(Crawled caption data)
++++++++
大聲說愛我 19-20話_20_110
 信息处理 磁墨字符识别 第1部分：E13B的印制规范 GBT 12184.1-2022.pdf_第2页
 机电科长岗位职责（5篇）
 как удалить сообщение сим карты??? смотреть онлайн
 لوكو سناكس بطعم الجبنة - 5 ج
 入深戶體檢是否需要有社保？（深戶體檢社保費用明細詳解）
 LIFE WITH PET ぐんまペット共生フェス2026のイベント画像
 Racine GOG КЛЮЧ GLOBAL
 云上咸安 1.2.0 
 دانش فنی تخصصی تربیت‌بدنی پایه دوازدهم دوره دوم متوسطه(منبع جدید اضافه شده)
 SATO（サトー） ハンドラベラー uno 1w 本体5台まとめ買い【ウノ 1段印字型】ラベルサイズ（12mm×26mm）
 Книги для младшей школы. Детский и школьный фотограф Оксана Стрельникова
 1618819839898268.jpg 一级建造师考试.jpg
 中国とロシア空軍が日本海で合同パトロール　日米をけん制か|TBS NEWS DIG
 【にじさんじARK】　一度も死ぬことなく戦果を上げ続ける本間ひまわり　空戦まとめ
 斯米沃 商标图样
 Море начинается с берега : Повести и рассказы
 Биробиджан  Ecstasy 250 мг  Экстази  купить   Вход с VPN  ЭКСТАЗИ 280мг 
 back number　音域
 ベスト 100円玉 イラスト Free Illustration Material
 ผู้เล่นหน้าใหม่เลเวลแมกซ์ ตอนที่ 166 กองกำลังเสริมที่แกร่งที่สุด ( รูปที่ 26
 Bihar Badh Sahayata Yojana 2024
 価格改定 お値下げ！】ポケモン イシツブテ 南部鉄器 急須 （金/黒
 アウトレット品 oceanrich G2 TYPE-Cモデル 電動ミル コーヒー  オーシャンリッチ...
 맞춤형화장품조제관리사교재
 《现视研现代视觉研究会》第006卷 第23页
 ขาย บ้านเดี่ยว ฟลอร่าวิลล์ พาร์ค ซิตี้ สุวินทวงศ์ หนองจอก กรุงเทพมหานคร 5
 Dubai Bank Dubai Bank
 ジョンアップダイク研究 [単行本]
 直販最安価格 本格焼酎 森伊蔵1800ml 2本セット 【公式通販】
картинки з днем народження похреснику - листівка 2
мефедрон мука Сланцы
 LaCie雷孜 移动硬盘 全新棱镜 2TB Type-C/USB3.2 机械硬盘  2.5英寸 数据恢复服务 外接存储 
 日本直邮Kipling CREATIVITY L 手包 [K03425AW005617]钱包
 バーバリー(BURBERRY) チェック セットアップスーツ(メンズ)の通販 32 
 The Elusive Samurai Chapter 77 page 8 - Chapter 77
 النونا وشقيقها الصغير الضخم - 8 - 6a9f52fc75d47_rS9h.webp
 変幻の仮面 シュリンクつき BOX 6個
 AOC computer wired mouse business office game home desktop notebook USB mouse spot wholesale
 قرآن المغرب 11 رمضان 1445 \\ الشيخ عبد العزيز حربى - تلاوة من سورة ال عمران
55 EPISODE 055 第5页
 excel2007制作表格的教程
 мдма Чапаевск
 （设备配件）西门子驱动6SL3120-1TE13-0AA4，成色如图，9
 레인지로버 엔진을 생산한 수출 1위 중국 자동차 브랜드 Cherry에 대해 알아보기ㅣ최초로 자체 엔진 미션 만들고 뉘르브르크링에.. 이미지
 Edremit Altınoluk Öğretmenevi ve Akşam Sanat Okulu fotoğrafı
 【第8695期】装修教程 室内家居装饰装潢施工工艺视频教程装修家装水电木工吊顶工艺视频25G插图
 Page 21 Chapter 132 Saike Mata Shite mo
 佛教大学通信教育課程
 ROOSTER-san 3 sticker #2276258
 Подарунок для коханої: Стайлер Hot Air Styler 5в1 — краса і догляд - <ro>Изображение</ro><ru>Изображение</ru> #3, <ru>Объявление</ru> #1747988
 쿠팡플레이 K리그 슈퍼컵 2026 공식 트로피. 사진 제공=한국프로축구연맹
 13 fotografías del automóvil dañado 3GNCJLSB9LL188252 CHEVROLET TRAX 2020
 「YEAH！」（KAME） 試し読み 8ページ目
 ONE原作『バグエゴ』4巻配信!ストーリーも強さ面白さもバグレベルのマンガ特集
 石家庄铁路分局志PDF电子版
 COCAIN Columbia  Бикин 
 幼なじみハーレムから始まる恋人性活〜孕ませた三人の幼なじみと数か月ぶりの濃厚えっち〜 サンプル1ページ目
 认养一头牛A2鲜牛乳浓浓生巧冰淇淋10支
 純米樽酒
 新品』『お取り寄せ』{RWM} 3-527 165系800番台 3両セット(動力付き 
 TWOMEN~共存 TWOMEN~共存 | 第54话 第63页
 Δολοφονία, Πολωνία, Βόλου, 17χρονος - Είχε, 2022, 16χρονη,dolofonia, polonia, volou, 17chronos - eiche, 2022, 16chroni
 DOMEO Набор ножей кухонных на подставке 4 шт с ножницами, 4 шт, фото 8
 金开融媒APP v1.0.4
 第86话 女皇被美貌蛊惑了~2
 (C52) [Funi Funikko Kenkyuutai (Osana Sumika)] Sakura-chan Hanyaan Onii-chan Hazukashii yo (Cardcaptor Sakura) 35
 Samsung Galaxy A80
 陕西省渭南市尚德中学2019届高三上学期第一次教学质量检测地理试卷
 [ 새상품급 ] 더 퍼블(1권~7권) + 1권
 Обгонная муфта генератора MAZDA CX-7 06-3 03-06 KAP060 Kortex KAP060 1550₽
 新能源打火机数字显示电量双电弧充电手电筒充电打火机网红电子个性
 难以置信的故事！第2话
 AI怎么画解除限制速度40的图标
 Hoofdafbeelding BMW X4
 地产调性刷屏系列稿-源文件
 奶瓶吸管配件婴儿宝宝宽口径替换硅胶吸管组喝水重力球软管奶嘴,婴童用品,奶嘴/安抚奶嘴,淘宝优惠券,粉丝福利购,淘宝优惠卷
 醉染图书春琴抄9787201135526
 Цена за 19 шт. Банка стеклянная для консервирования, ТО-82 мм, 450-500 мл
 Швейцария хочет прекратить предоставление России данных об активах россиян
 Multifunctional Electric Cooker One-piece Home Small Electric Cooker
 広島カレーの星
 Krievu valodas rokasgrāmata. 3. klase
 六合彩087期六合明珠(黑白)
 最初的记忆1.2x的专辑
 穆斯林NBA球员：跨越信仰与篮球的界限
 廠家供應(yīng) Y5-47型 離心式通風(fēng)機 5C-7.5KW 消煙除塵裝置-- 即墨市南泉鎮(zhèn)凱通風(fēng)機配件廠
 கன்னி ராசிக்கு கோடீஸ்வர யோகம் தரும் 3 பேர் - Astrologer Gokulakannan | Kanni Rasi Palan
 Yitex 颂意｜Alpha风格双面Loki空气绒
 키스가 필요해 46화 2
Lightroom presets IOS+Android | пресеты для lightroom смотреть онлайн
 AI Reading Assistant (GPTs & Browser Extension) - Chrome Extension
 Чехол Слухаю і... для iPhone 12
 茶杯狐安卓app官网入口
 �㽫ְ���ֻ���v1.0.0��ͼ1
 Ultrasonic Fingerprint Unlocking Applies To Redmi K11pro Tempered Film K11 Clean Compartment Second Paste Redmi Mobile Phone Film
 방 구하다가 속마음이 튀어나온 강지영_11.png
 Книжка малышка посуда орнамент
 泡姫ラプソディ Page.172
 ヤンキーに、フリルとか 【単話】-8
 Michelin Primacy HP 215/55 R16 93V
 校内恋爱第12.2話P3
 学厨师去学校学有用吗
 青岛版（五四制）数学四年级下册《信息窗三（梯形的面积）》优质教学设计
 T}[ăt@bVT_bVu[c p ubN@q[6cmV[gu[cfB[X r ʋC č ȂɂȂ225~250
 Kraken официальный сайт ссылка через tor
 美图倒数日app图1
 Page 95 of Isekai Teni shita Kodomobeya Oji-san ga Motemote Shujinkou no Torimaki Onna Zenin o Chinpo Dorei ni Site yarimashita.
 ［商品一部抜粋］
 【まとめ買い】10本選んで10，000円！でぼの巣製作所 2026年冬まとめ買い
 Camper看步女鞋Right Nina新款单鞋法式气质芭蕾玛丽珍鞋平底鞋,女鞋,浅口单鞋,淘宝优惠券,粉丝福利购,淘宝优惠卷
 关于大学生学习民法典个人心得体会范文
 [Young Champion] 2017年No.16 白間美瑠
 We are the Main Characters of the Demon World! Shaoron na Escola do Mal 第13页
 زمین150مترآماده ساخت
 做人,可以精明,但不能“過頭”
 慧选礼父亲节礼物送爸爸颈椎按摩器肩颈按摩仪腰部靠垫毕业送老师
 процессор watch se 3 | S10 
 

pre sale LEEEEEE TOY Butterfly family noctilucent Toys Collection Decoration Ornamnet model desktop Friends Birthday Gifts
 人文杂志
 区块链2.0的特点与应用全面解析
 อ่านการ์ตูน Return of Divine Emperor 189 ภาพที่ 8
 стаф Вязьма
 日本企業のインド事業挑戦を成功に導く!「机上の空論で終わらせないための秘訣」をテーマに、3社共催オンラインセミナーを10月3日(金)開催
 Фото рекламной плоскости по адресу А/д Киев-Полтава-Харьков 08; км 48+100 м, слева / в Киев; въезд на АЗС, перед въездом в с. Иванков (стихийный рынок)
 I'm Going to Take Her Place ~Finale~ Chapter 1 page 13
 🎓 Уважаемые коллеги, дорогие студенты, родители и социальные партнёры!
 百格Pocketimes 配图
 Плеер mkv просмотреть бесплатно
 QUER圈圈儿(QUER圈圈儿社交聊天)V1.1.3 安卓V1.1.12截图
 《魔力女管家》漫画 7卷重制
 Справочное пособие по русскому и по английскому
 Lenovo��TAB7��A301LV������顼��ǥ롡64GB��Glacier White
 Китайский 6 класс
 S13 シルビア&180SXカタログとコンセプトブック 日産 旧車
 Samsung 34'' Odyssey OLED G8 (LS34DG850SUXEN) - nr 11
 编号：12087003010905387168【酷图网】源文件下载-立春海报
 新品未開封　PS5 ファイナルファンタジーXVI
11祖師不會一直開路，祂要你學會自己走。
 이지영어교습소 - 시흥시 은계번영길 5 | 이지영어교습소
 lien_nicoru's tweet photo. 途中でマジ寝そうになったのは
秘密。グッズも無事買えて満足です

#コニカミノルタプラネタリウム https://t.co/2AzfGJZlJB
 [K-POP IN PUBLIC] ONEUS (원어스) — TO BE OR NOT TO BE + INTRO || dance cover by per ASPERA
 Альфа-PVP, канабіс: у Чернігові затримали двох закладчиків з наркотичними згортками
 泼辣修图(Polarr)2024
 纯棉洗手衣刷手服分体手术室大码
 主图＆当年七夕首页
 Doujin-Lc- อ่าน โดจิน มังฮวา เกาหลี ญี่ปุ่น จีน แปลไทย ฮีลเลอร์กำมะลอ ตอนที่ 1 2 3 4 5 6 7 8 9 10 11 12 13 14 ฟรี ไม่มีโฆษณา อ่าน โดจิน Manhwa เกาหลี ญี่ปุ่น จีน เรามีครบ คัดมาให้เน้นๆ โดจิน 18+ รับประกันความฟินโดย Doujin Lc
++++++++
From the records above, quote only the lines running from the line with "Multifunctional Electric Cooker" to the line with "[Young Champion] 2017年No.16 白間美瑠", both lines included.

■ ANSWER TO THIS EXERCISE ■
 Multifunctional Electric Cooker One-piece Home Small Electric Cooker
 広島カレーの星
 Krievu valodas rokasgrāmata. 3. klase
 六合彩087期六合明珠(黑白)
 最初的记忆1.2x的专辑
 穆斯林NBA球员：跨越信仰与篮球的界限
 廠家供應(yīng) Y5-47型 離心式通風(fēng)機 5C-7.5KW 消煙除塵裝置-- 即墨市南泉鎮(zhèn)凱通風(fēng)機配件廠
 கன்னி ராசிக்கு கோடீஸ்வர யோகம் தரும் 3 பேர் - Astrologer Gokulakannan | Kanni Rasi Palan
 Yitex 颂意｜Alpha风格双面Loki空气绒
 키스가 필요해 46화 2
Lightroom presets IOS+Android | пресеты для lightroom смотреть онлайн
 AI Reading Assistant (GPTs & Browser Extension) - Chrome Extension
 Чехол Слухаю і... для iPhone 12
 茶杯狐安卓app官网入口
 �㽫ְ���ֻ���v1.0.0��ͼ1
 Ultrasonic Fingerprint Unlocking Applies To Redmi K11pro Tempered Film K11 Clean Compartment Second Paste Redmi Mobile Phone Film
 방 구하다가 속마음이 튀어나온 강지영_11.png
 Книжка малышка посуда орнамент
 泡姫ラプソディ Page.172
 ヤンキーに、フリルとか 【単話】-8
 Michelin Primacy HP 215/55 R16 93V
 校内恋爱第12.2話P3
 学厨师去学校学有用吗
 青岛版（五四制）数学四年级下册《信息窗三（梯形的面积）》优质教学设计
 T}[ăt@bVT_bVu[c p ubN@q[6cmV[gu[cfB[X r ʋC č ȂɂȂ225~250
 Kraken официальный сайт ссылка через tor
 美图倒数日app图1
 Page 95 of Isekai Teni shita Kodomobeya Oji-san ga Motemote Shujinkou no Torimaki Onna Zenin o Chinpo Dorei ni Site yarimashita.
 ［商品一部抜粋］
 【まとめ買い】10本選んで10，000円！でぼの巣製作所 2026年冬まとめ買い
 Camper看步女鞋Right Nina新款单鞋法式气质芭蕾玛丽珍鞋平底鞋,女鞋,浅口单鞋,淘宝优惠券,粉丝福利购,淘宝优惠卷
 关于大学生学习民法典个人心得体会范文
 [Young Champion] 2017年No.16 白間美瑠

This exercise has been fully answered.